Ma fu molto peggio. E a distanza di tanto tempo facciamo ancora fatica a rendercene conto.
Scritto da Pierlugi Battista su il Corriere della sera lo scorso anno.
Tratto da Cuori Neri
Buttati, Virgilio buttati!
Il rogo arde da mezz’ora. Il primo grido, quando tutto inizia a precipitare verso la fine, è quello del padre: Virgilio è affacciato al davanzale, già statico, terreo, stordito mentre il fuoco gli precipita intono. Le fiamme stanno divorando tutto l’appartamento: dal cornicione e dal telaio degli infissi cadono frammenti infuocati e materiali incandescenti, la finestra alle sue spalle arde di luce e di brace. In strada c’è tutto il quartiere, e i primi soccorritori tendono le coperte per attutire la caduta dal terzo piano. Il grido diventa una successione di appelli scomposti, invocazioni, quasi un coro disperato: Salta! Salta giù Virgilio! Buttati adesso, per l’amor di Dio!
Del piccolo Stefano, che gli è al fianco, dalla strada si intravede solo la testa. Il fratello lo abbraccia per proteggerlo con il suo corpo, e continua a toglierli dai capelli i coriandoli fiammeggianti di vernice che si staccano dalle persiane e scendono giù come una pioggia di lapilli. Quello che fino all’ultimo è stato un vitale istinto di protezione si trasforma in un gesto rallentato, spettrale, drammatico.
La mano sempre più debole, alla fine si abbassa pietrificata. Virgilio fino all’ultimo non ha voluto lasciare il fratellino. Ma adesso non può resistere più, e si arrende.
Alle 3,37 del mattino, il 16 aprile, polizia, ambulanze e vigili del fuoco sono ormai sul posto: ma per i due fratelli non c’è più nulla da fare. La madre Annamaria e due dei figli più piccoli Giampaolo di 3 anni e Antonella di nove, sono riusciti miracolosamente a fuggire attraverso la porta di casa, quando il fuoco ha iniziato ad avvampare nel piccolo appartamento di periferia. Lucia, di 15 anni si è gettata nel vuoto dal balconcino del secondo piano, dove è riuscita a calarsi con l’aiuto del padre. Mario Mattei, già a terra, l’ha afferrata al volo, malgrado le ustioni che gli sfigurano il corpo. Silvia, 19 anni si è tuffata nella veranda della cucina. Ha battuto la testa sulla ringhiera del secondo piano, la schiena sul tubo del gas, è stata provvidenzialmente trattenuta per qualche attimo dai fili del bucato, quindi è caduta sul marciapiede del cortile, rompendosi 2 costole e 3 vertebre. Le è andata bene.

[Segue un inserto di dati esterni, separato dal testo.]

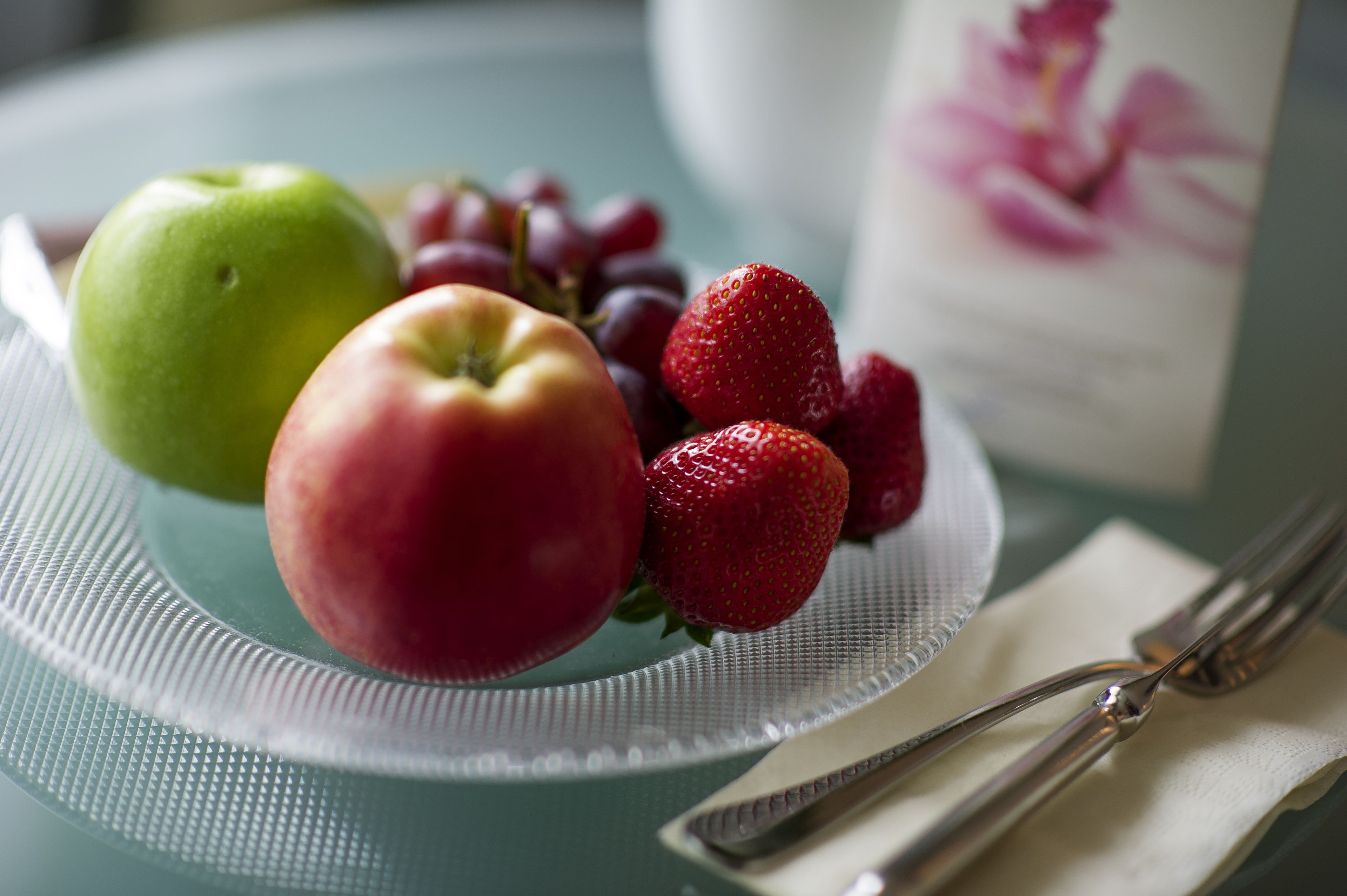 A plate with a green apple, a red apple, and strawberries on a textured tablecloth.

Solo per un miracolo si è sfiorata la strage di tutta una famiglia.
Roma, 16 aprile 1973, periferia della Capitale, via Bibbiena, Mario Mattei è il segretario della sezione del MSI nel quartiere. La violenza politica si trasforma per la prima volta in massacro, in quello che passerà alla storia come il rogo di Primavalle…..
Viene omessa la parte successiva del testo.